====== DATASET EXTRACT

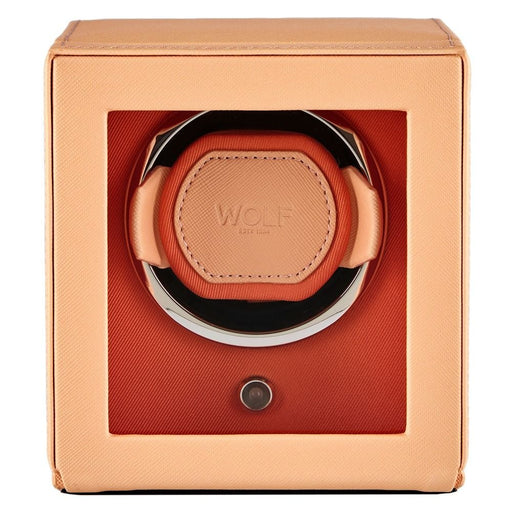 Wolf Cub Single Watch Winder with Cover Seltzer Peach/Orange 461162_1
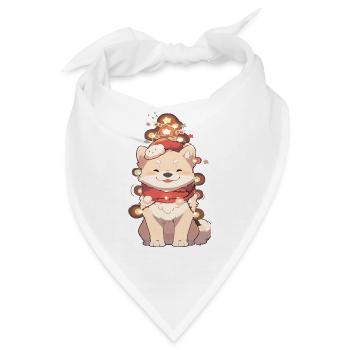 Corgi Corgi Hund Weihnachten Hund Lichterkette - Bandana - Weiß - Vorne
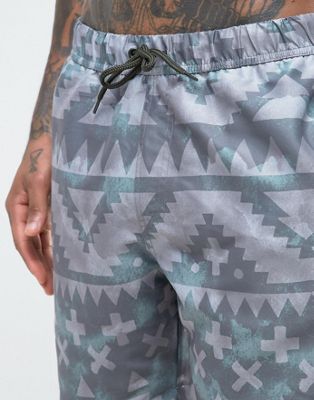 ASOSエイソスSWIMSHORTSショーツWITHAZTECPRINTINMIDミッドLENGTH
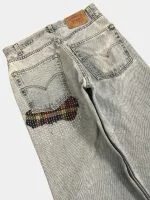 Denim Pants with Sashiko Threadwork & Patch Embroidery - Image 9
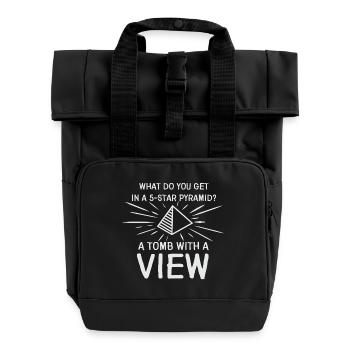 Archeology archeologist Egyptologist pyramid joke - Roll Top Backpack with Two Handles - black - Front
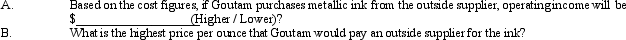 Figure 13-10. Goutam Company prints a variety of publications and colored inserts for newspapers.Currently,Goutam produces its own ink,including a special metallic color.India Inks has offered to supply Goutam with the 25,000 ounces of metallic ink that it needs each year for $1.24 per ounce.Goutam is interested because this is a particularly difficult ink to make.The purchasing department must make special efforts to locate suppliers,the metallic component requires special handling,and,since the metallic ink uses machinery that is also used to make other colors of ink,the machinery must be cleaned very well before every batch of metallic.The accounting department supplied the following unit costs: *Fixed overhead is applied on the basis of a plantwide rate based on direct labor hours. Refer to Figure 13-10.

============
====== DATASET EXTRACT

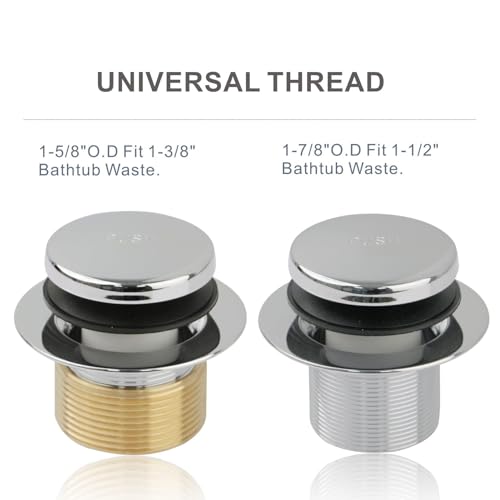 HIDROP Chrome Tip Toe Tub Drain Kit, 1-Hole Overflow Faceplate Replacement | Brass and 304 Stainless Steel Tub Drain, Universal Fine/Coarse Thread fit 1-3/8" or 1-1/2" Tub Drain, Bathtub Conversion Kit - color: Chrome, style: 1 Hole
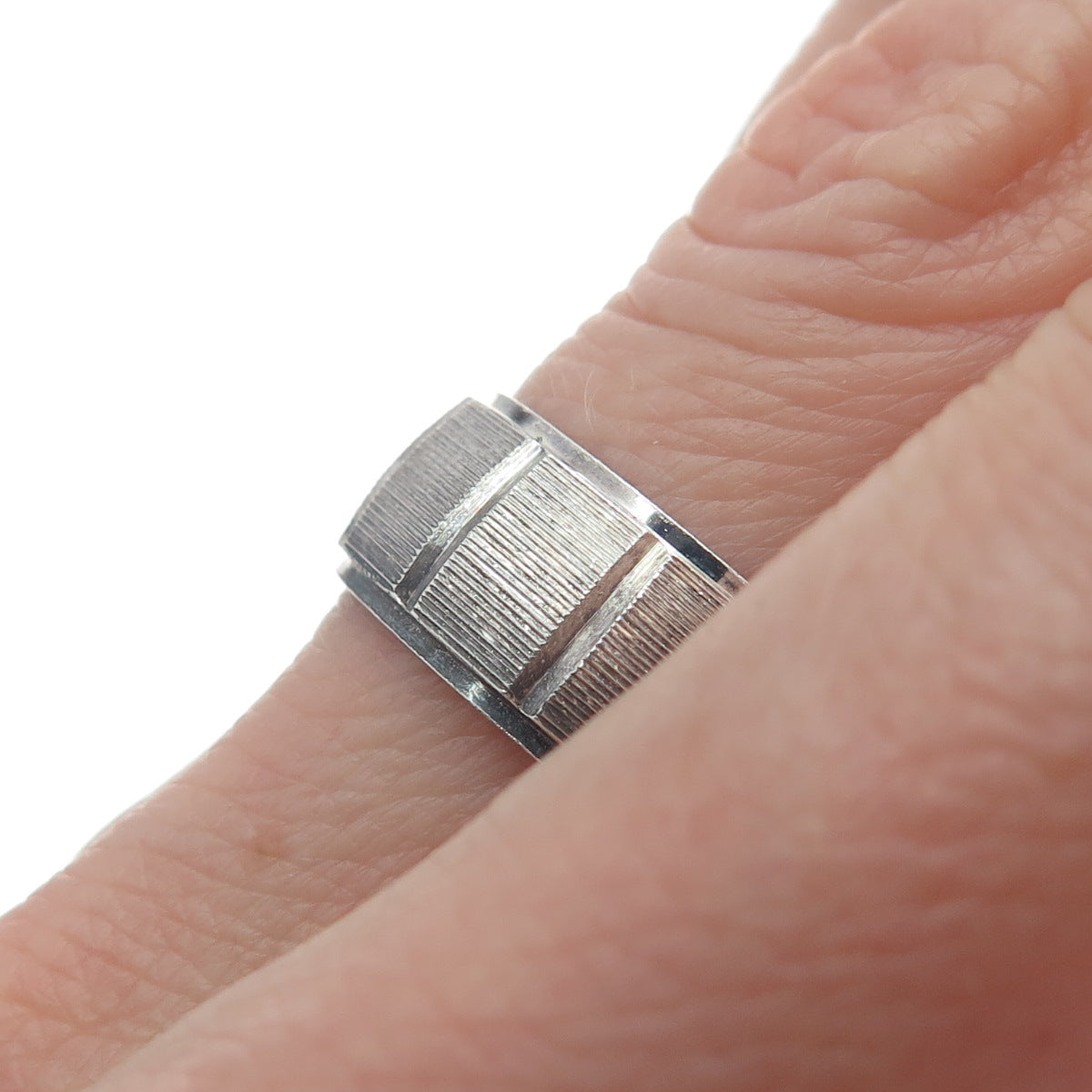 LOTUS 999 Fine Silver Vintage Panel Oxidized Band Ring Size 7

============
====== DATASET EXTRACT

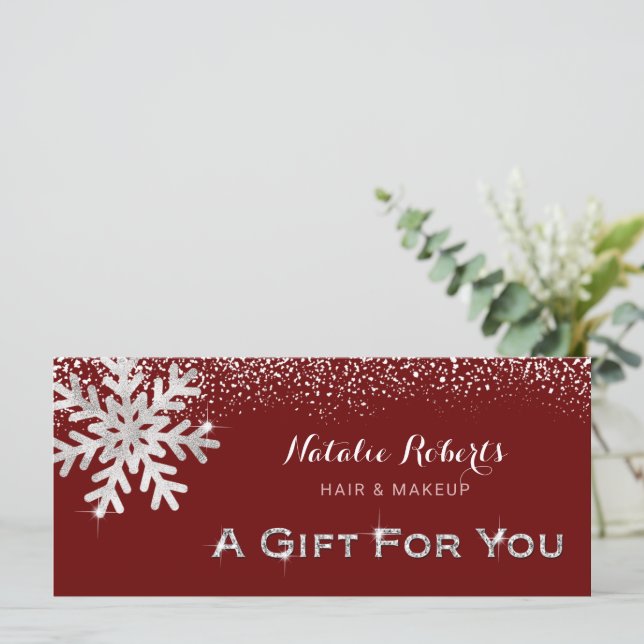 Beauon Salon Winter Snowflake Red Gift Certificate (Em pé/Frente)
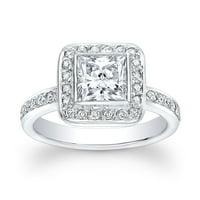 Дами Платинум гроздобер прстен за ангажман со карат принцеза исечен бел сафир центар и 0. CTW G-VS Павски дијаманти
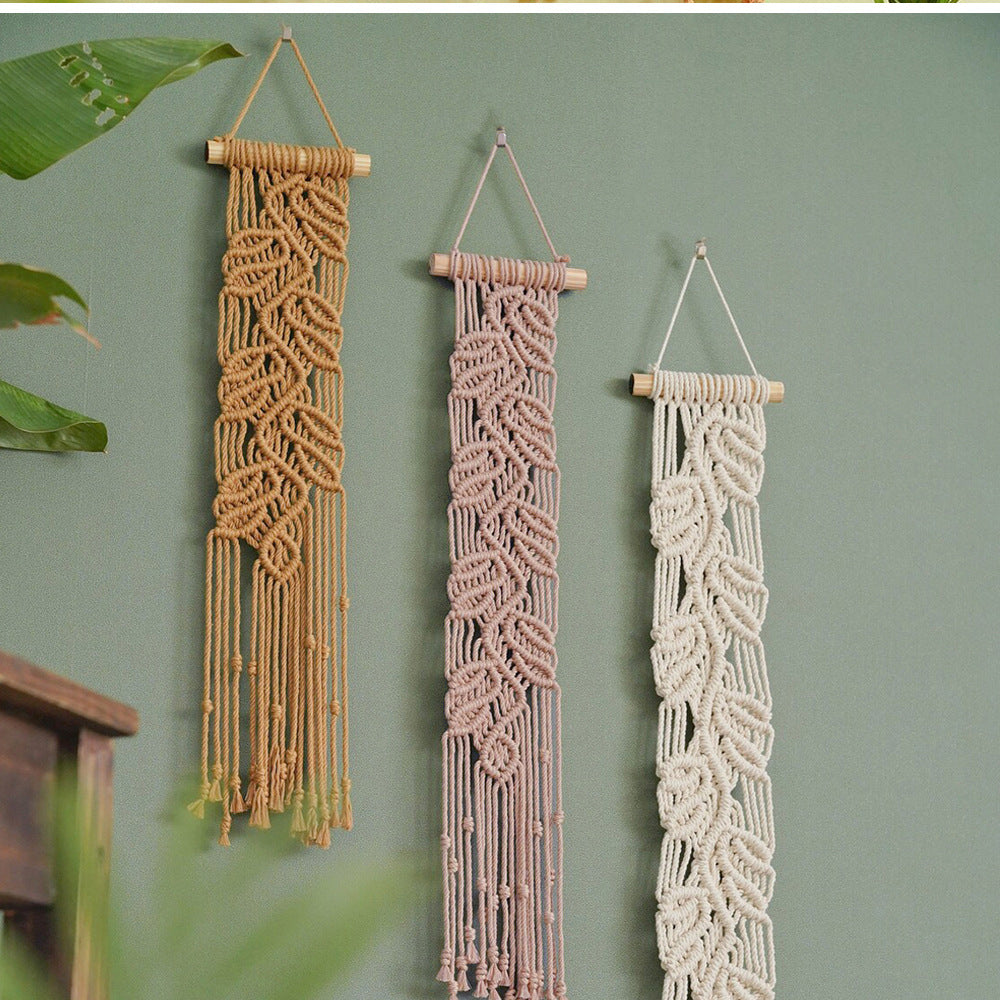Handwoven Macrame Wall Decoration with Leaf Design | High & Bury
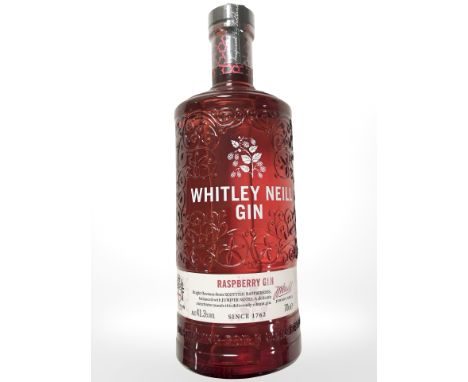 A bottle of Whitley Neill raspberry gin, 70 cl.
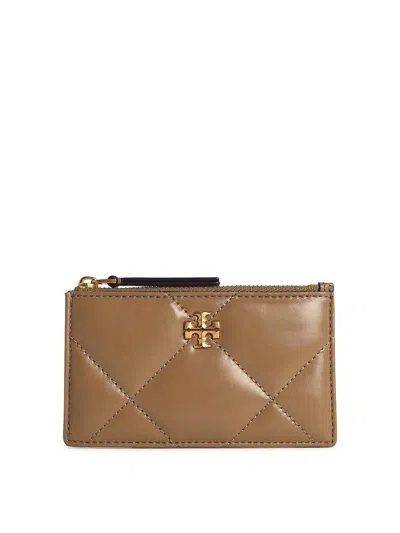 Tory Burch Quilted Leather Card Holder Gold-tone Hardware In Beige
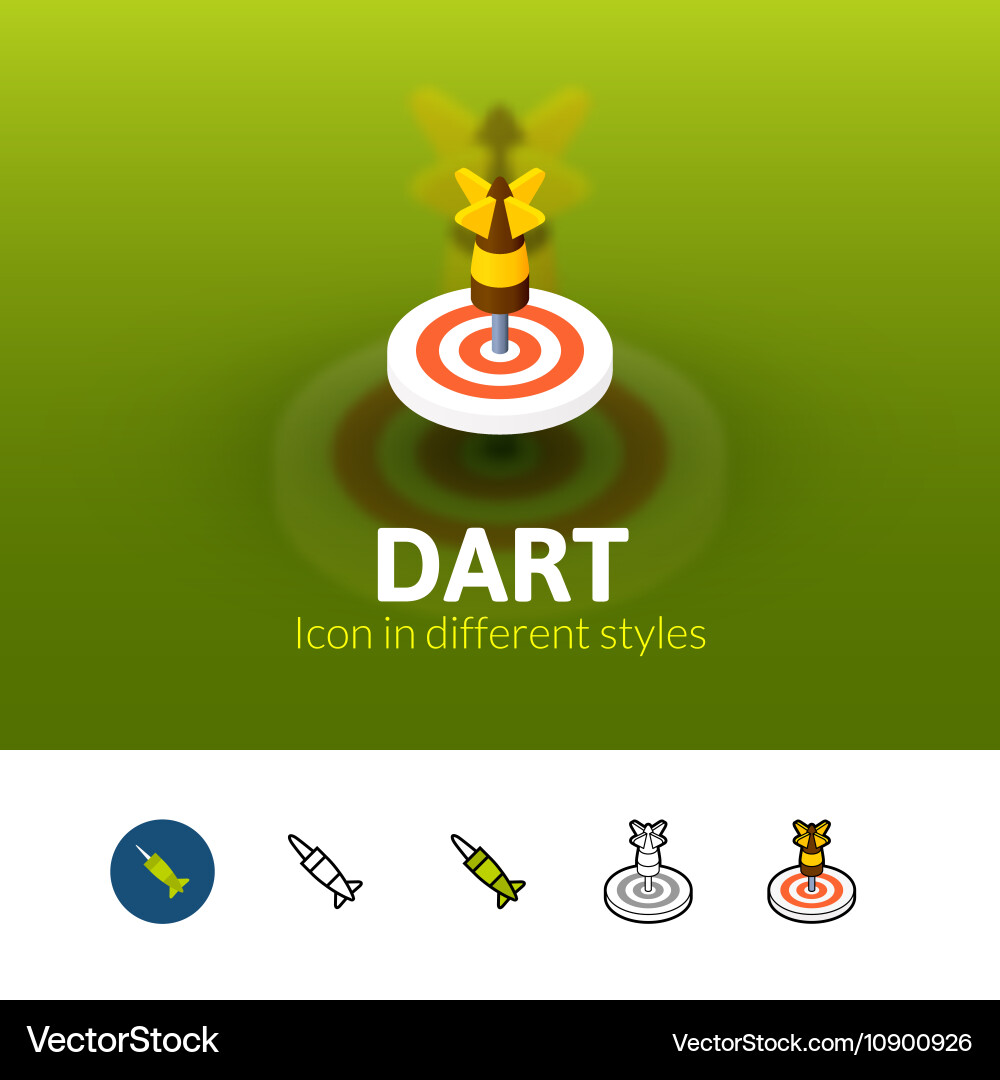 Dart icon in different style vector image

============

## EXERCISE AIM
Above are some entries. Restate word for word the lines from the one holding "HIDROP Chrome Tip" through the one holding "LOTUS 999 Fine", but not the pictures.

## RESPONSE AREA
 HIDROP Chrome Tip Toe Tub Drain Kit, 1-Hole Overflow Faceplate Replacement | Brass and 304 Stainless Steel Tub Drain, Universal Fine/Coarse Thread fit 1-3/8" or 1-1/2" Tub Drain, Bathtub Conversion Kit - color: Chrome, style: 1 Hole
 LOTUS 999 Fine Silver Vintage Panel Oxidized Band Ring Size 7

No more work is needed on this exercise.